Interest in ultrasound in sports medicine has grown dramatically in recent years, largely due to significant advances in imaging quality. In contrast to static modalities such as magnetic resonance imaging (MRI) and computed tomography (CT), ultrasound allows for real-time, dynamic assessments. Other advantages include affordability, ease of transport, minimal interference from metallic implants, and the ability to obtain scans quickly. This has resulted in an increasing number of orthopaedic surgeons and sports medicine physicians incorporating this method into their everyday clinical practice, both in the office and as team physicians on the field. Another significant application of ultrasound is its use in performing procedures, particularly those involving regenerative therapies.

This article explores the benefits of ultrasound in everyday clinical practice, focusing on its role in the diagnosis and treatment of sports medicine injuries.

Diagnostic and Therapeutic Applications of Ultrasound in Sports Traumatology

Ultrasound offers unparalleled advantages for diagnosing musculoskeletal injuries in athletes.
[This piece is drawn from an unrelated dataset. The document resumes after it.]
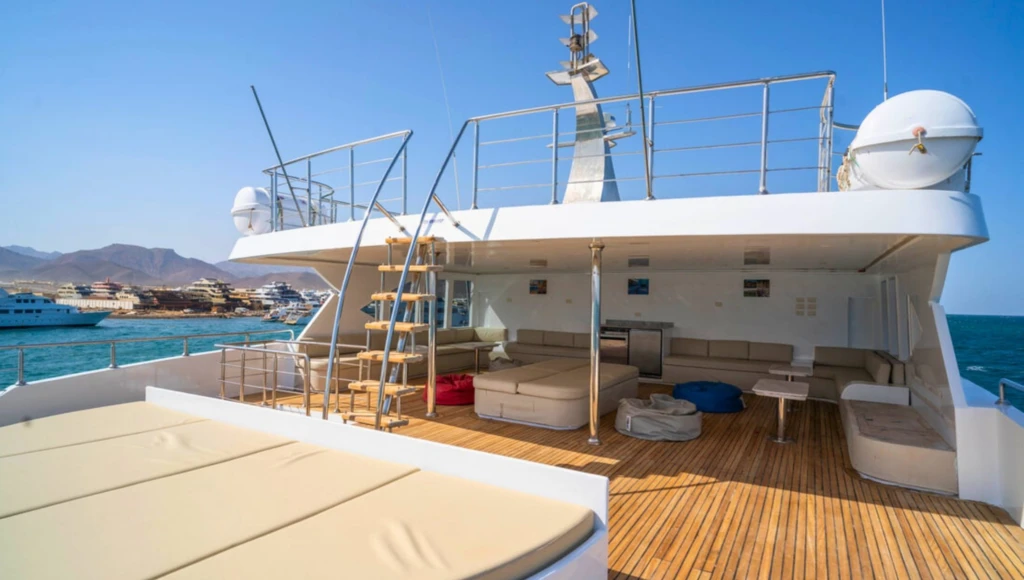 Huit jours de croisière-plongée entre Tiran, Ras Mohamed et les grandes épaves de la mer Rouge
The ability to produce high-resolution, dynamic images in real-time allows clinicians to assess tissues during movement, providing a comprehensive understanding of the injury.

Currently, the primary focus of ultrasound application in sports medicine lies in diagnosing acute injuries to muscles and tendons as well as injuries caused by repetitive strain or overuse.

Muscle Injuries

While MRI remains the gold standard for diagnosing musculoskeletal injuries, ultrasound provides a quick and accurate initial diagnosis and helps to guide future treatment. As ultrasound is usually more readily available than MRI, it is particularly suitable for initial diagnosis and for repeated follow-up examinations in popular and elite sports to ensure close monitoring of training or early detection of complications.

Muscle injuries caused by direct trauma, such as those common in contact sports like football and rugby, typically result in intramuscular hemorrhage without fiber tearing, manifesting as contusions or, in severe cases, lacerations. Ultrasound is a critical tool for identifying and documenting these injuries, enabling consistent follow-up with longitudinal, cross-sectional, and panoramic imaging. Additionally, ultrasound-guided puncture of hematomas can alleviate pain, expedite recovery, and provide insights into structural damage.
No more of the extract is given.